• **Aim of the exercise**
After locating the line with "Integratore Cranberry" below, output it and each following line exactly, stopping after the line with "Additional image 5". No pictures.

• **Supplied records**
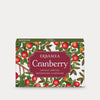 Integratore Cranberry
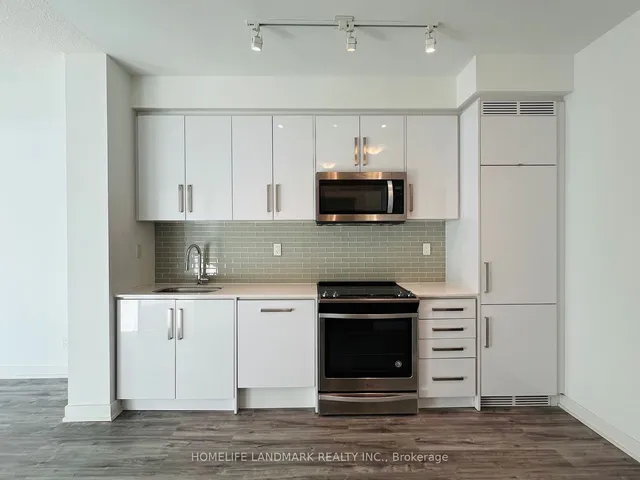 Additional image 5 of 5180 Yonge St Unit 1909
---
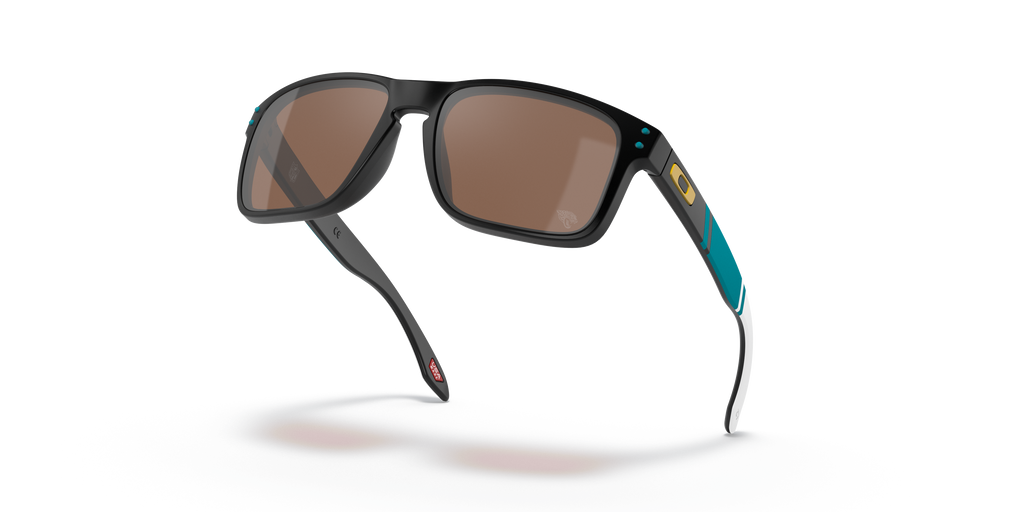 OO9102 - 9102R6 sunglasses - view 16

• **Solution for this problem**
 Integratore Cranberry
 Additional image 5 of 5180 Yonge St Unit 1909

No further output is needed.